In the mid-1990s, I was working on a documentary film covering early Irish immigrants to the Appalachian Mountains. While doing research on my roots in the area, I learned of a fiddle belonging to a distant cousin which was assumed to have traveled to Virginia with my great-great-great-great-great-great-great-grandfather in the 1700s. Thinking only of what might make for a strong scene in the documentary, I made a call to the owner of the fiddle, whom I'd never met, and suggested that I bring the crew over to film me playing the instrument. In a response that still makes me smile at my presumptuousness, my 82-year-old cousin Alfred replied, "Now hold on a minute. You've got to get in on the ground floor!"
His words made me realize that I was acting in opposition to the principles of family and heritage that I had been hoping to illustrate for the film. I'd wanted to come to his home and get some quick footage of "the moment" before ever having met him. If the ties I was hoping to emphasize were so important, why was I prepared to relegate them to secondary status? Why was I more concerned with the image of family than with family itself? His lesson resonated with me then, as it does today, and I soon made plans to go visit him and his wife, Mary, without a film crew or an agenda. After a few visits we became close and I spent time with them every time I was in that corner of Virginia.
About a year later I came home one day near Christmas and found a large box on my porch. Inside were two handmade fretless banjos that Alfred had carved for me himself. They were decorated with horses and my name had been written on one by the bridge. I was so moved by his generosity that I immediately went inside and recorded an album's worth of Christmas music on the instruments. I sent a copy of this recording to him the next day and, surprisingly, he seemed as delighted with my gift as I had been with his.
I dubbed the recording A Fret-Free Christmas and began giving it to a few friends and family each winter. The performances seemed to have an extra depth and innocence because they were made with no motivation other than reflecting and furthering the spirit of generosity shown in the original creation of the instruments. While giving for the sake of giving is what we all want Christmas to be about, we often end up distracted by details and expectations. A Fret-Free Christmas was intended to follow Alfred's lead in returning the focus to what really matters.
Ballet Acadiana's Assistant Director Esther Burley responded to these feelings in the music and created powerful original choreography for five of the pieces as a suite. This brand new work features the Senior Company of Ballet Acadiana and live performances of the music on the original fretless banjos. The instruments have rarely been on stage, due to their delicate nature, and these interpretations of traditional Christmas pieces have never been performed in public. A limited release of the recording, including 18 Christmas pieces, will be available at these performances only, with a portion of the proceeds going directly to Ballet Acadiana.
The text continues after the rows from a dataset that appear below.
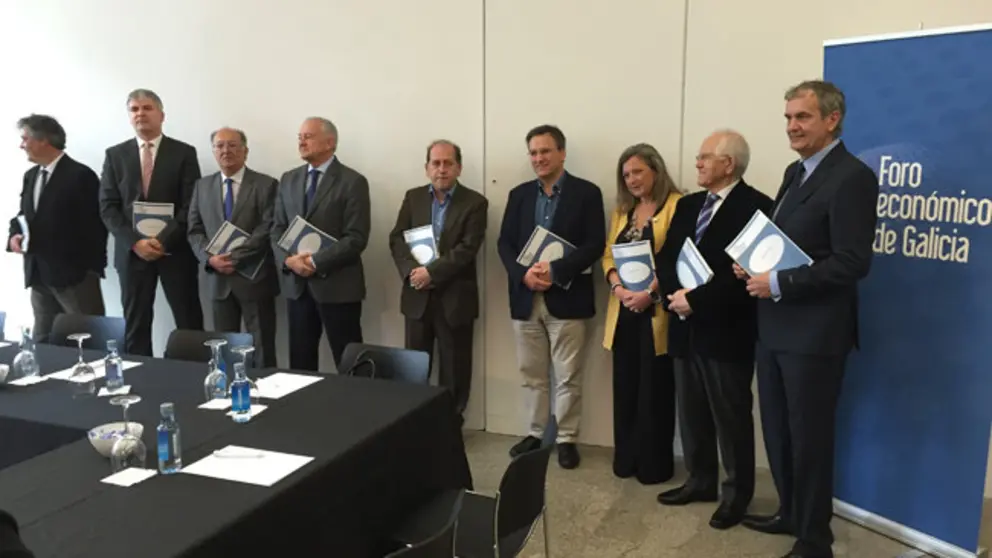 Miembros del Foro Econ&oacute;mico y pol&iacute;ticos en la presentaci&oacute;n del Anuario 2016.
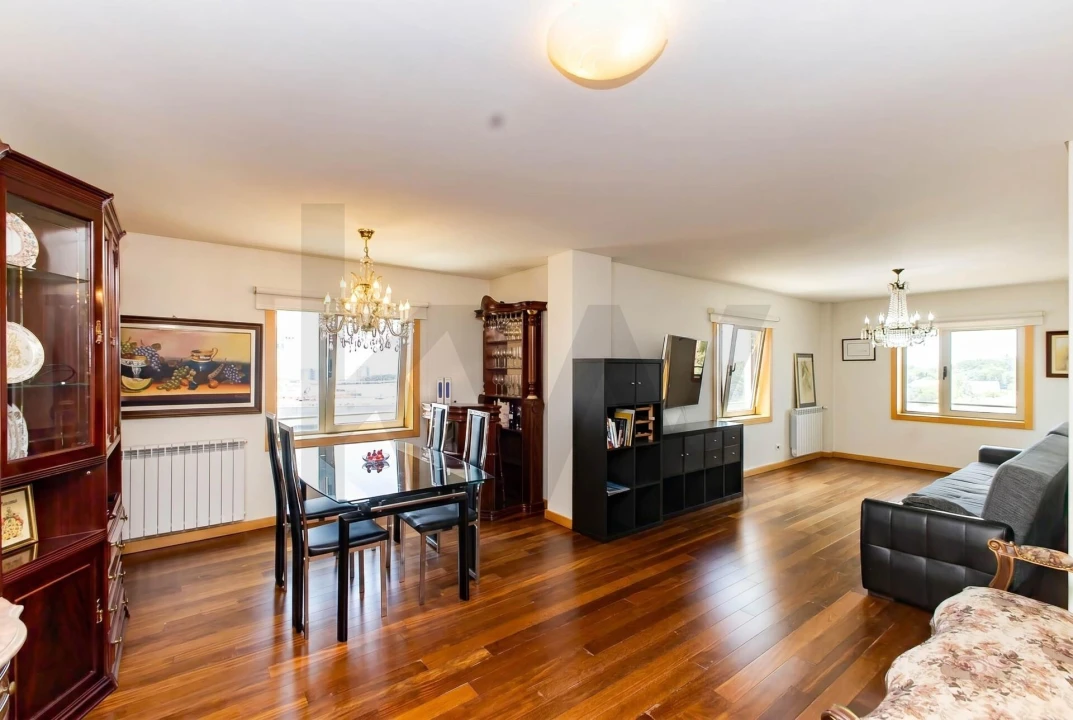 Apartamento T3 para Venda em Lordelo do Ouro e Massarelos Foto 4
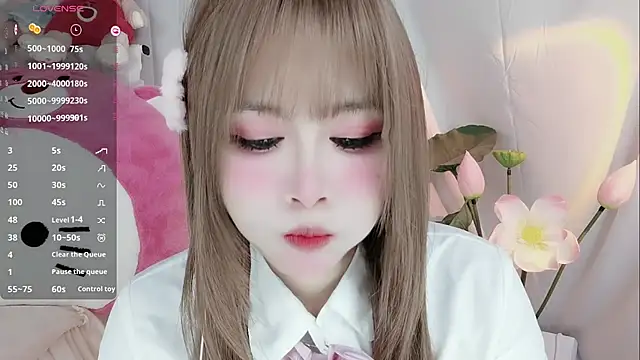 Snapshot of -zhuzhu-999- chatting on October 28, 6:43 pm -zhuzhu-999- online show from October 28, 6:43 pm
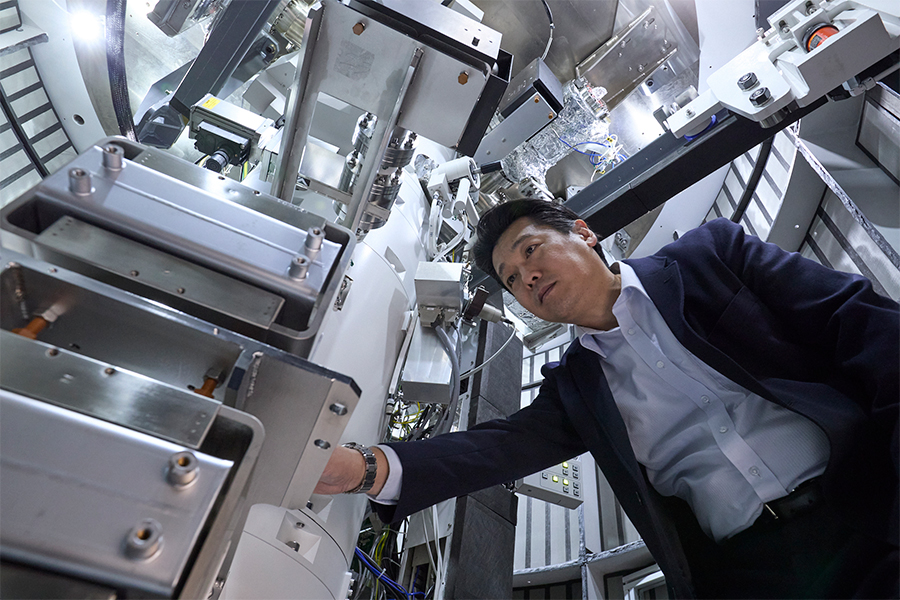 View of Toshiaki working inside an electron microscope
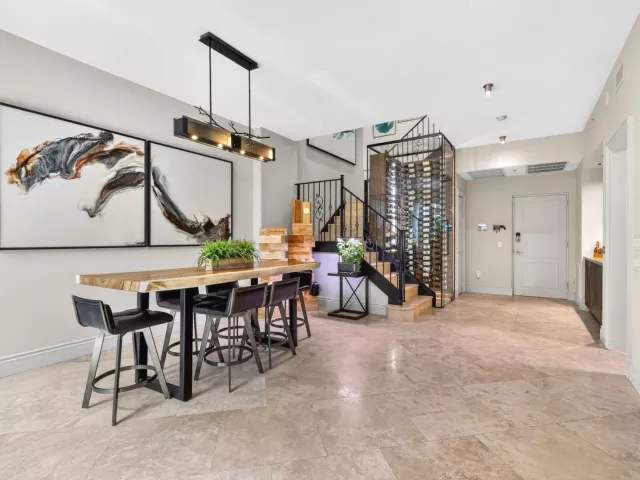 3-bedroom home for sale in Fort Lauderdale - 411 N NEW RIVER Drive E V-2 - MondialRealty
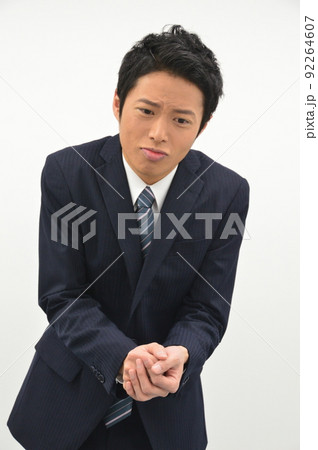 揉み手をする若い男性 92264607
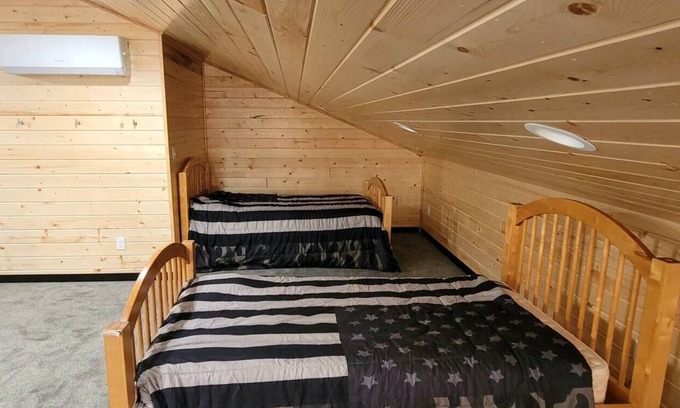 McLeod Cabin | Legacy Lodge! Beautiful cabin!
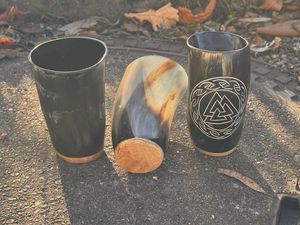 Tasse à boire artisanale en corne de Viking avec gravure nordique, mug en corne de bœuf naturelle pour bière, hydromel et whisky, cadeau nordique médiéval - Product Image 6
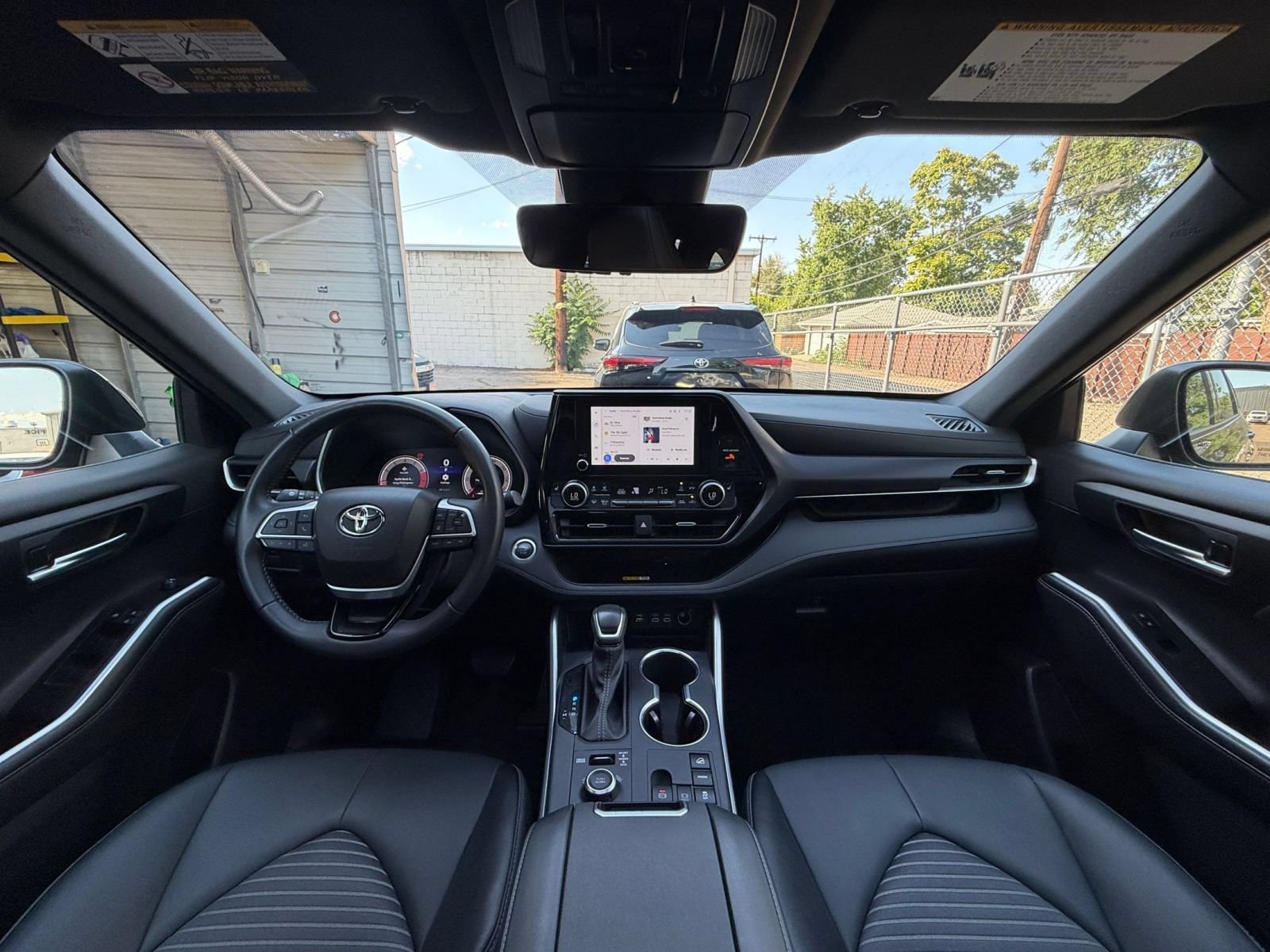 Thumbnail: 2025 Toyota Highlander - 31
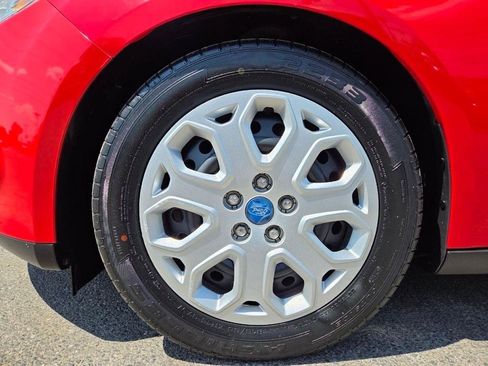 Used 2012 Ford Focus SE FWD image 25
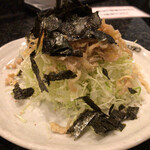 Akadori Sumiyaki Daiyasu - とり皮サラダ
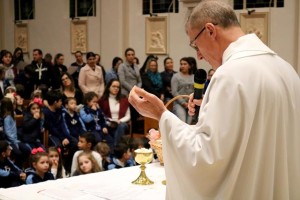 Colégio Notre Dame - Missa no Colégio Maio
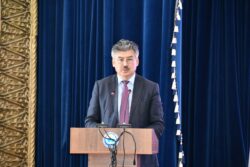 АЛА КАЧУУ – АРСЫЗДАРДЫН ИШИ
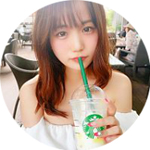 スターバックスコーヒー飲んでる れみ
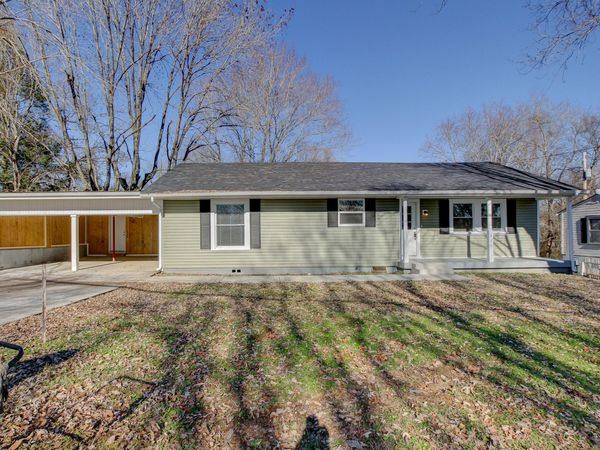 435 Circle Dr , Clarksville, TN 37043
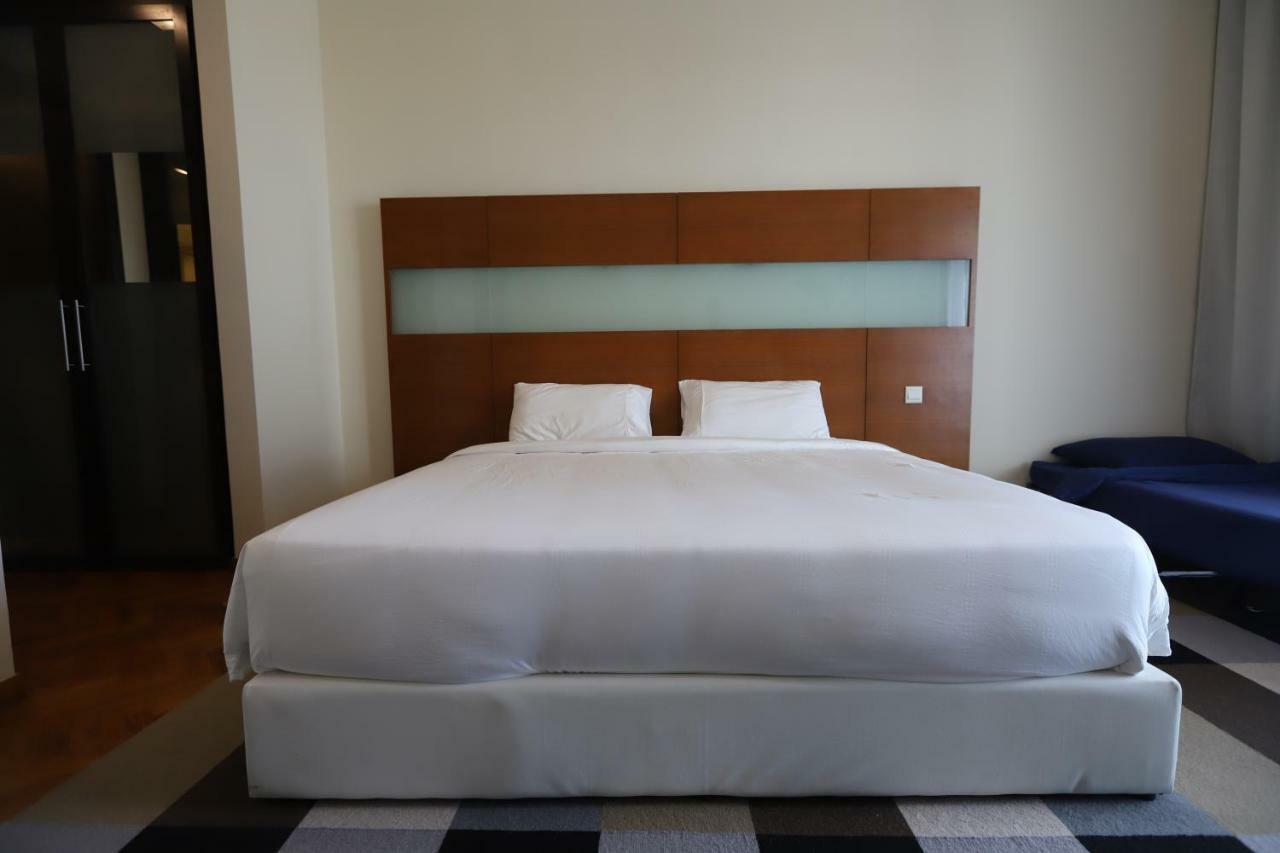 The Straits Quay Marina By Messina Clive Apartment George Town Bagian luar foto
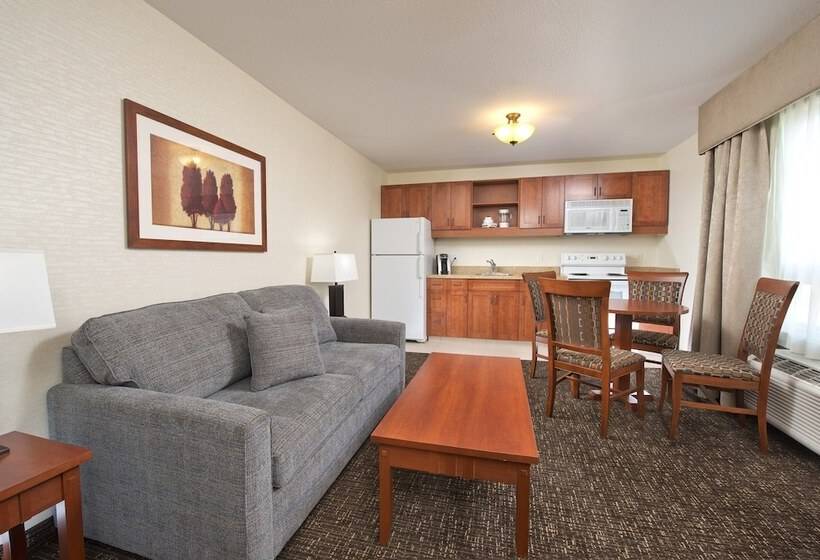 סוויטה, Gold Eagle Lodge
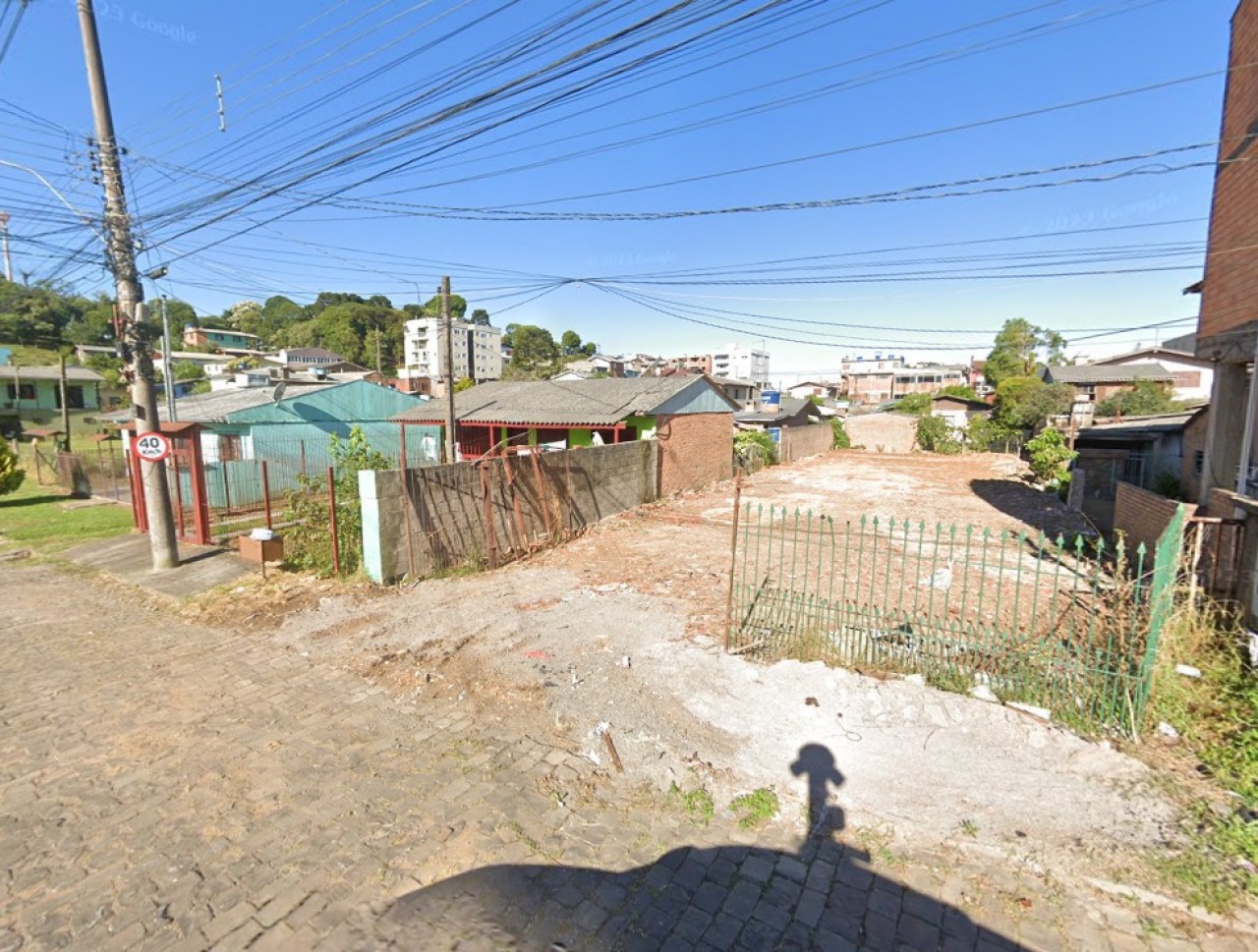 TERRENO COM ÁREA DE 392m² NO BAIRRO SERRANO [DESOCUPADO] - CAXIAS DO SUL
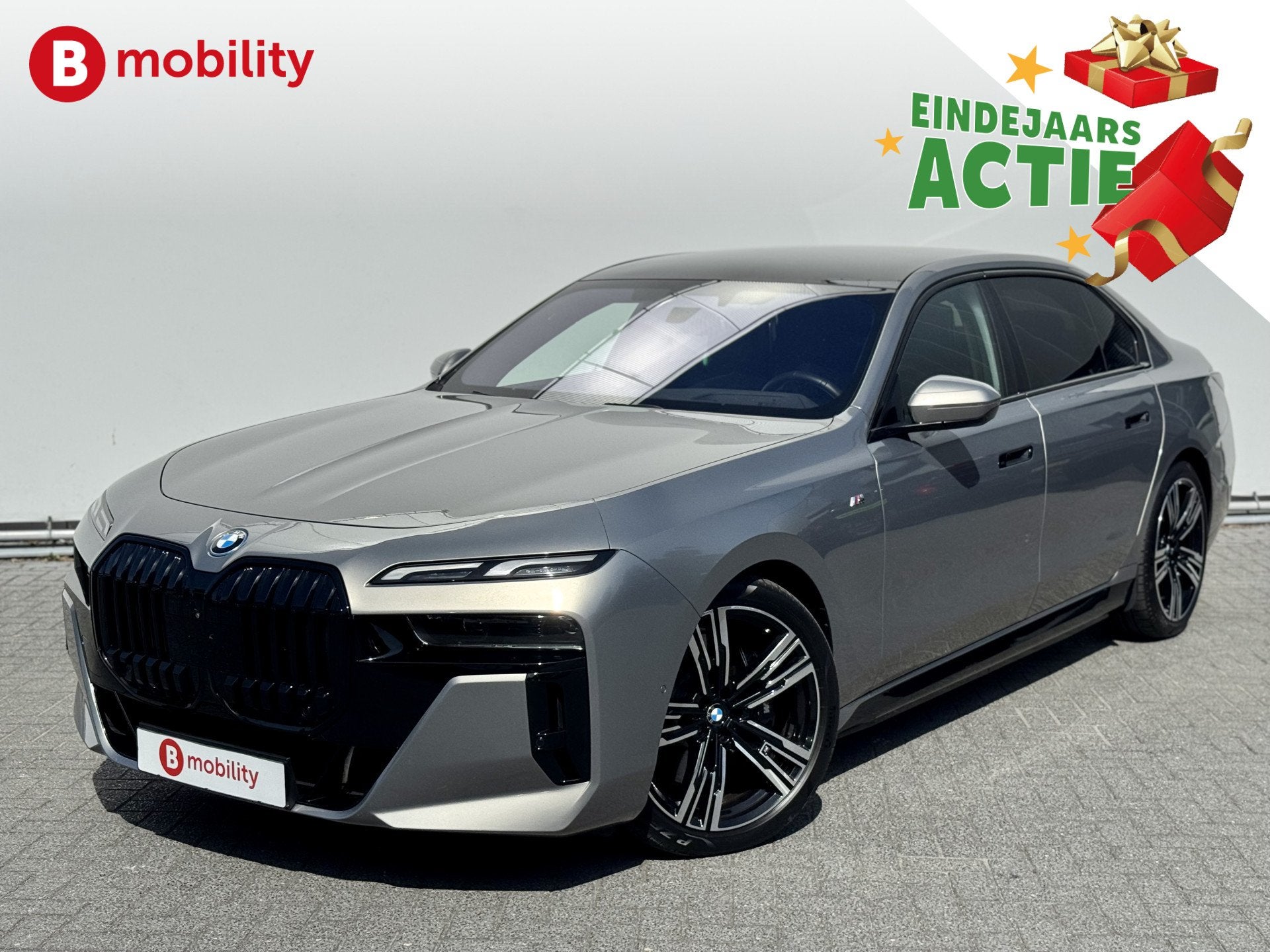 BMW i7 xDrive60 106 kWh M-Sport Pro Panoramadak NL Auto! | B, Auto's, Automaat, Dealer onderhouden, Gebruikt, Zwart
In addition to A Fret-Free Christmas, several other works will be performed, including the original ballet The Littlest Angel.
I'm proud to live in a community where art is intertwined with everyday life. In some ways we may take it for granted, but perhaps that's not as bad as it sounds. It has been granted to us, like a blessing, and we live in the thick of it, without separation. We rarely take a break and view it from the outside, but why should we? We're too busy doing it to step away. Beverly Spell and Ballet Acadiana are some of the busiest and most dedicated of the highly talented artists in this area. It's my hope that you'll join us to celebrate our many blessings during this holiday season.
To hear Dirk Powell perform holiday music on the banjo, visit www.theind.com/extra/powell.
A Holiday Celebration featuring The Littlest Angel Friday will take place at UL Lafayette's Angelle Hall on Friday, Dec. 7, 2007 at 7 p.m. and Saturday, Dec. 8, 2007, at 3 p.m. Admission is $10.
Lafayette Parish School Board member Greg Awbrey deserves an attaboy for his unexpected vote during Wednesday’s meeting approving a mediation session between the board and Superintendent Pat Cooper.
The cable television network's suspension of Duck Dynasty patriarch Phil Robertson from the hit reality show has drawn criticism from the governor of Robertson's home state.
The State Bond Commission gave preliminary approval to the borrowing plan Thursday without objection.
The 3rd Circuit Court of Appeal has upheld a district court ruling out of Opelousas that could have wide-ranging effects on the tax burden of the Louisiana oil and gas industry.
Eat your way through New Orleans over the bowl weekend with this guide to local dining. Go hungry, leave satisfied.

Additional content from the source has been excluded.